AdamPflug / express-brute

Brute-force protection middleware for express routes by rate limiting incoming requests
MIT License
564 stars 91 forks source link

global bruteforce count is not updating on more than 1000 concurrent requests #46

Open subhamAggarwal opened 8 years ago

subhamAggarwal commented 8 years ago

On using express brute package and applying a global limit, the count is not updated properly in express brute store. I’ve tried both mongodb and redis db as brute force stores but still the same results are observed. I tried doing the same using JMeter and made a load request of 1000 concurrent requests to my API. Once all the 1000 requests are completed, the count in the express brute store doesn’t gets increased to more than 150 ever. The same thing if I try with 100/200 concurrent requests, the count is updated correct in the redis db. So can anyone confirm whether they also get similar results with such a use case ?

AdamPflug commented 8 years ago

Looks like a bug resulting from a race condition when you have multiple concurrent requests. Both processes get the current counter value (e.g. 1), and then both processes attempt to set the counter to one more (e.g set the counter to 2). Both operations succeed, but the counter doesn't accurately reflect both requests (is 2, should be 3).

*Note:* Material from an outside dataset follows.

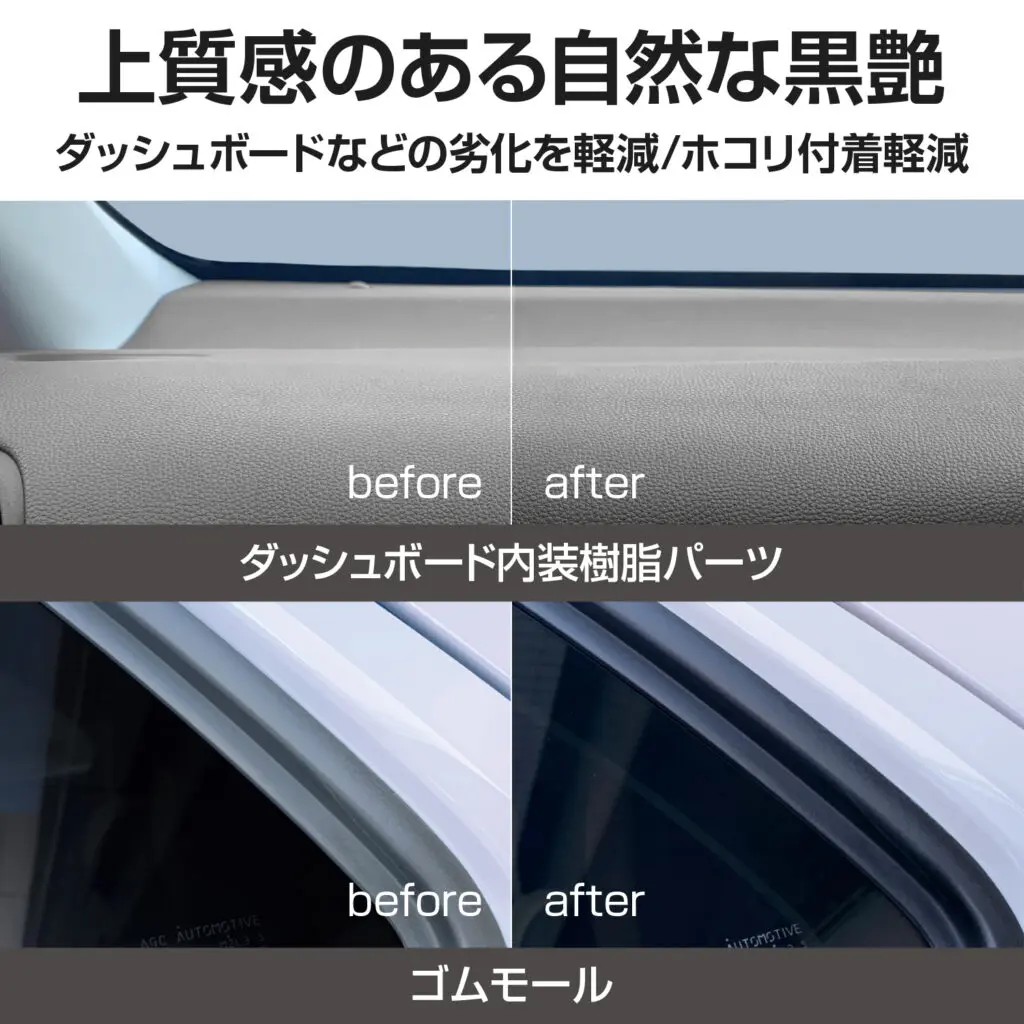 PCD-307-hp-2-1024x1024.jpg.webp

It'll take some investigation to fix this. For one thing, it's something that will need to be addressed on a store-by-store basis because underlying stores will have different ways to handle the concurrency.

As an example, right now the redis store is storing the state as a JSON blob in a single key (per IP if applicable). To fix this problem we'd need to break the count out of that into its own key so we can use INCR instead of SET to avoid the lost updates. I don't think we need to worry about multiple updates overwriting each other as much with the other data (last request time, first request time) because the values will be close enough to each other that the behavior should be pretty much right. This still has concurrency issues (multiple requests can go in "at the buzzer" and they'll all succeed), but it seems like the best approach given the performance costs of trying to serialize all the get/sets.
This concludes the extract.